Concurrent Releases Pattern To Facilitate Predictive Analytics On Hadoop

Today, Concurrent Inc. announces the release of Pattern, an open source tool designed to enable developers to build machine-learning applications on Hadoop by leveraging the Predictive Model Markup Lanaguage (PMML), the standard export format for popular predictive modeling tools such as R, MicroStrategy and SAS. Data scientists can use Pattern to export applications to Hadoop clusters and thereby run them against massive data sets. Pattern simplifies the process of building predictive models that operate on Hadoop clusters and lowers the barrier to the adoption of Apache Hadoop for advanced data mining and modeling use cases.

An example of a use case for Pattern includes evaluating the efficacy of models for a “predictive marketing intelligence solution” as illustrated below by Antony Arokiasamy, Senior Software Architect at AgilOne:

Pattern facilitates AgilOne to deploy a variety of advanced machine-learning algorithms for our cloud-based predictive marketing intelligence solution. As a self-service SaaS offering, Pattern allows us to evaluate multiple models and push the clients’ best models into our high performance scoring system. The PMML interface allows our advanced clients to deploy custom models.

Here, Arokiasamy remarks on the way in which Pattern facilitates scoring of predictive models that enables the selection of one model amongst others. AgilOne uses Pattern to run multiple predictive models in parallel against large data sets and additionally illustrates the efficacy of Pattern’s operation on a Hadoop cluster deployed in a cloud-based environment.

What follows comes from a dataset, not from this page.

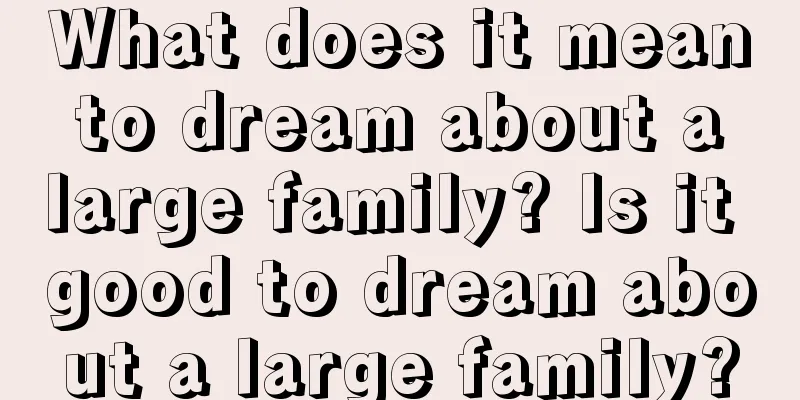 What does it mean to dream about a large family? Is it good to dream about a large family?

Pattern runs on the popular Cascading framework for simplifying the deployment and management of Hadoop clusters that is used by the likes of Twitter, eBay, Etsy and Razorfish. A free, open source application, Pattern constitutes yet another pillar in Concurrent’s array of applications for streamlining the use of Apache Hadoop alongside Cascading and Lingual, the ANSI-standard interface that enables developers to leverage SQL to query Hadoop clusters without having to learn MapReduce. The release of Pattern consolidates the positioning of Concurrent as a pioneer in the Big Data management space given its thought leadership in designing applications that facilitate enterprise adoption of Hadoop. Enterprises can now use Concurrent’s Cascading framework to operate on Hadoop clusters using JAVA APIs, SQL and predictive models written in PMML compatible analytics applications.